That means the US government will pay you $50,000 a year.
Ok fair enough Potus has talked the long term rates down a bit and the yield is now 4.88%.
But even $48800 a year should be enough in retirement to live on.
So for buy-and-holders, that don’t re-invest the interest income, 4.88% is the yield you make.
Short-term rates in the US are still attractive as well at over 4% yields.
The same can be said for UK short-term rates.
Valuations matter also in bond land.
The direction of travel is rate cuts for the official central bank short term rates.
There is a record amount of money parked in short-term money market funds.
If US rates get cut to say Canadian levels of 2.75% money markets become a lot less interesting.
The ECB just cut rates to only 2%. So I am not interested in their bonds. The ECB is playing the financial repression game playbook again.
In my humble opinion central banks should keep the official short term central bank rate at least 1% above the inflation rate.

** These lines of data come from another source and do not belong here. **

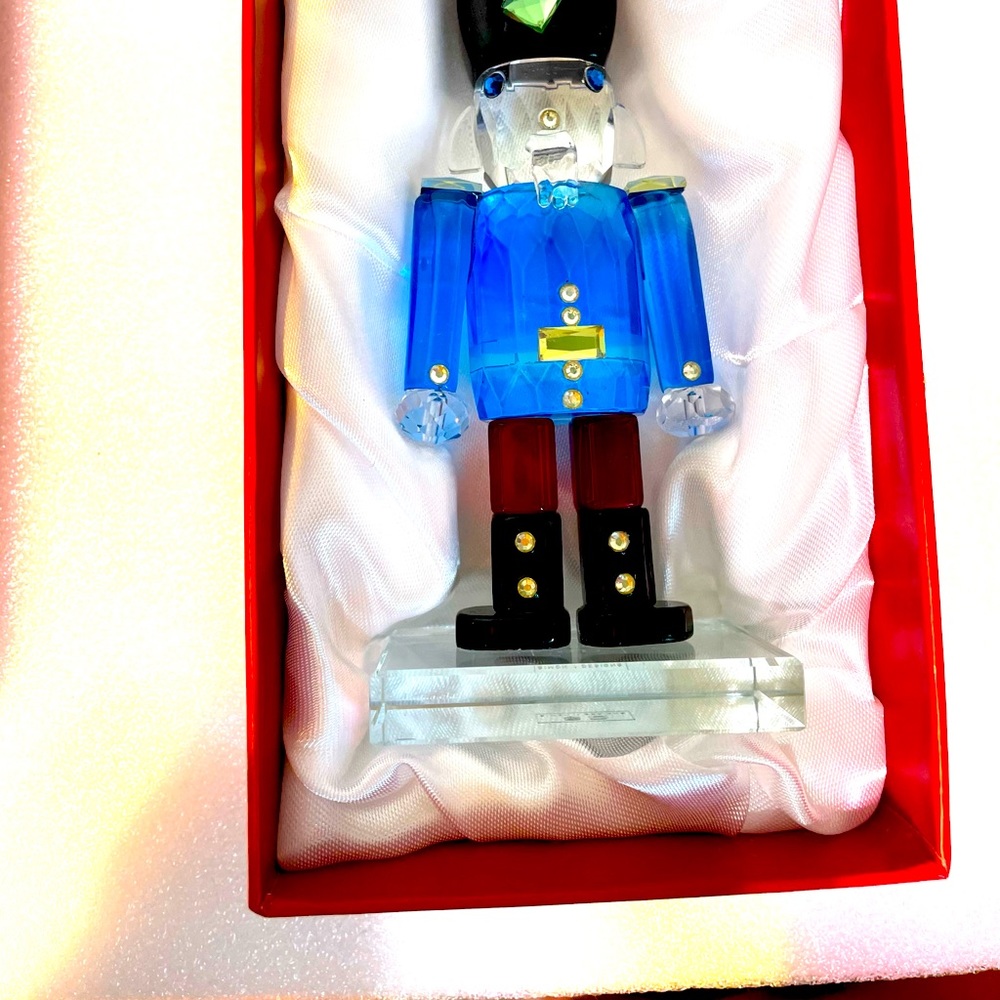 Nutcracker Crystal paperweight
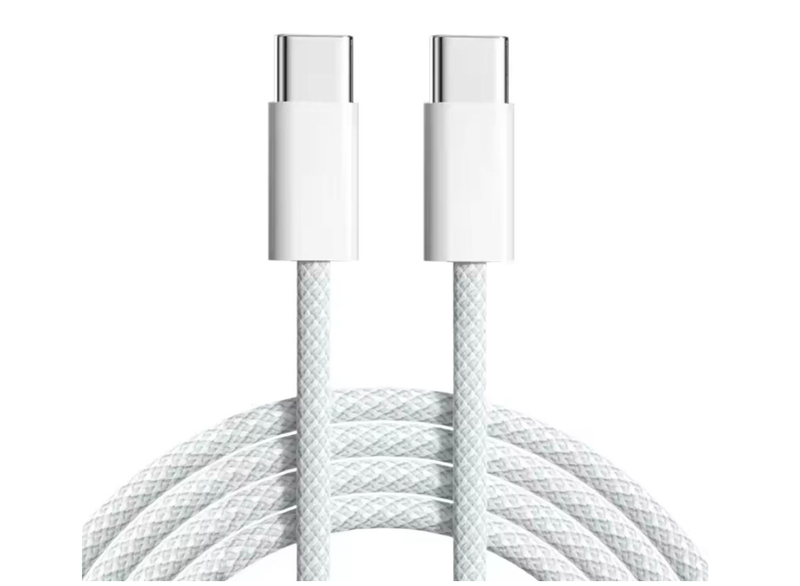 Type-C 1m 60W Braided Fast Charging Cable-Compatible with iPhone 16 Pro Max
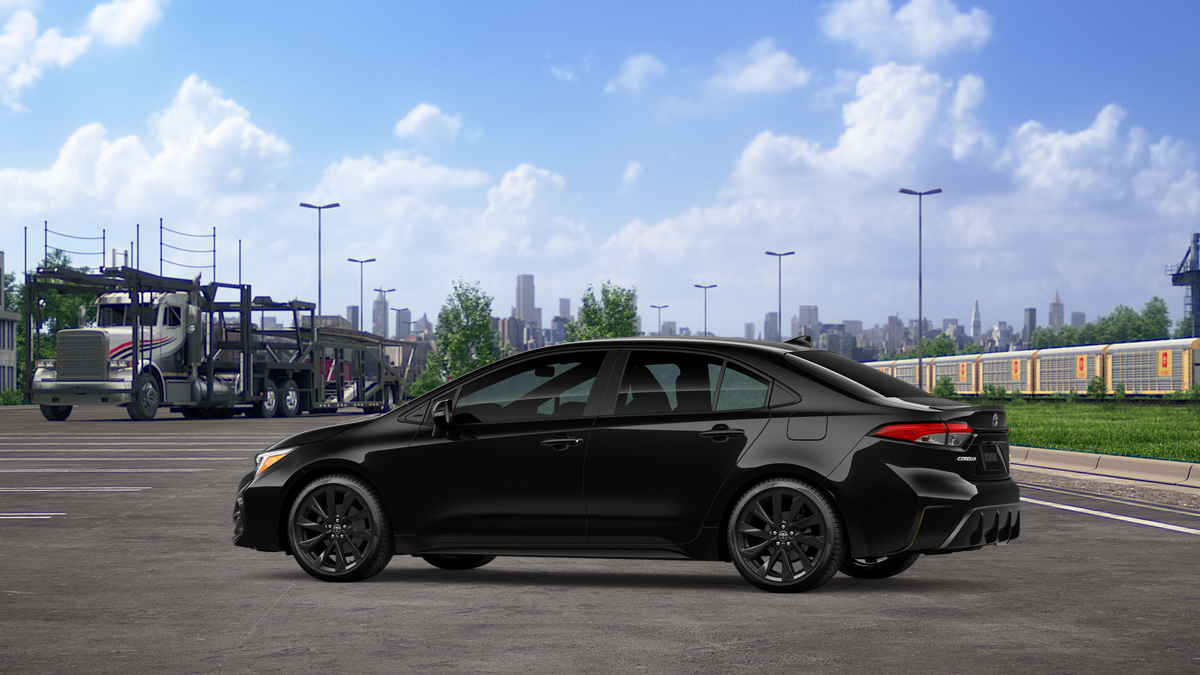 New 2027 Toyota Corolla Hybrid Sedan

But governments pay so much money in interest now they can’t afford reasonable short term rates anymore.
They borrow mainly short term now as with a normal steep yield curve long term rates will be higher and there are only a few countries left that can afford to pay longer term and higher interest payments year-in-year-out.
Also the more long term debt they would try to issue the more the lack of demand would become a problem and the more long term interest rates would be pushed up.
Quantitative easing (QE) allowed central banks to manipulate long term interest rates lower. That game is up after the inflation wave QE unleashed last time around...
So yep the name is Bond, James Bond and of boy is he back in the picture or what?
One thing to keep in mind is that Trump has hidden a penalizing tax on passive income in his big and beautiful tax bill for “investors from unfriendly counties”.
So for UK investors it is possible that at some stage someone gets say emotional about say a digital tax on US tech firms and rather than 4.85% interest the US government only puts 3.88% on your bank account.
Currency risk is also real. The mighty $ has collapsed more than 8% versus the £ for example this year.
Just like with equities diversifying across multiple currencies is wise in bonds as well.
Annuities are opaque and have high fees.
If long term rates are high enough though some guaranteed income from annuities can be nice in order to sleep well at night in retirement.
Another feature is that when you die the money in annuities belongs to the counterparty.
The plus side is that in return you should get a higher yield.
So all in all long-term bonds have now become more competitive versus an asset allocation in equities.
Still not all is lost for equities.
Dividend aristocrats can provide stable and growing dividends year-in-year-out.
PepsiCo (PEP) for example has a dividend yield of 4.34% now.
PEP has increased its dividend for 50 years in a row now. The company achieved Dividend King status in 2022 according to the sure dividend website.
On a market level the forward P/E for the S&P 500 is now 21 or 22.
The back-of-an-envelope calculation gives return expectation of one divided by 22 of 4.55%.
So that 4.55% return expectation for the S&P 500 is pretty close to bond return expectation in the US.
If however you were to buy-and-hold the S&P 500 index now for 30 year I suspect the realized return would be closer to the 9% or 10% return from the past 30 years.
The old saying at Exxon was;
“Governments come and go”.
Long-term investing requires long-term thinking.
This is me thinking on buying some exposure to long-term bonds and throwing that into the investment mix.